Stored records:
----------------

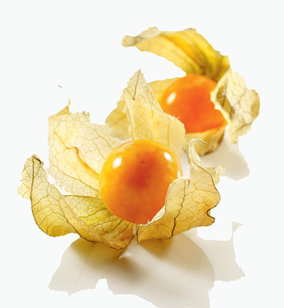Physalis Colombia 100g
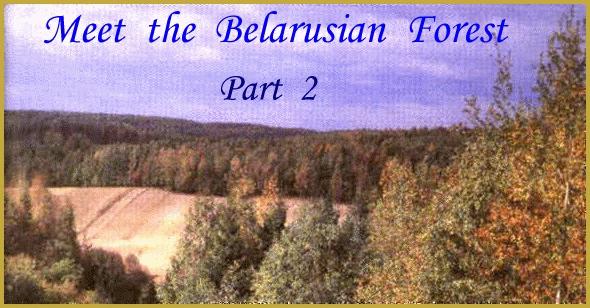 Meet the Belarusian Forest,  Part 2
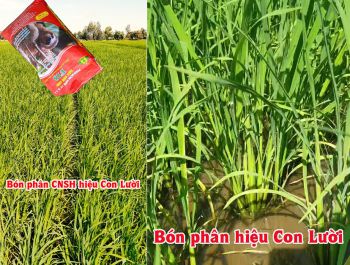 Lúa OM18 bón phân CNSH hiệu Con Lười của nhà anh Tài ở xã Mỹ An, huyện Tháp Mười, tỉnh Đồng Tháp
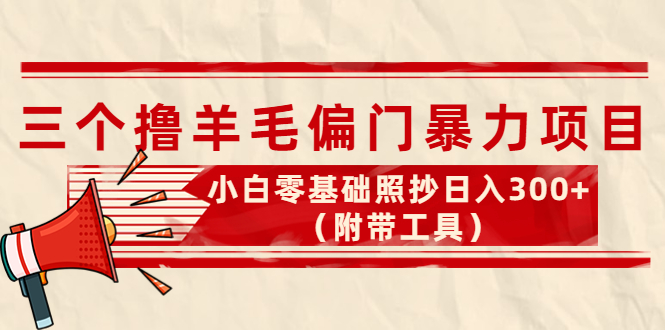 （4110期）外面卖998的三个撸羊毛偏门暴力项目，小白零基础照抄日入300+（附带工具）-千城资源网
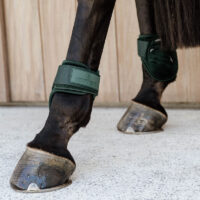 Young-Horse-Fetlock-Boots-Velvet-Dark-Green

----------------

Do not copy pictures. Restate exactly the lines from the one containing "Lúa OM18 bón" through the last line of the records.

- _Solution for this task_
 Lúa OM18 bón phân CNSH hiệu Con Lười của nhà anh Tài ở xã Mỹ An, huyện Tháp Mười, tỉnh Đồng Tháp
 （4110期）外面卖998的三个撸羊毛偏门暴力项目，小白零基础照抄日入300+（附带工具）-千城资源网
 Young-Horse-Fetlock-Boots-Velvet-Dark-Green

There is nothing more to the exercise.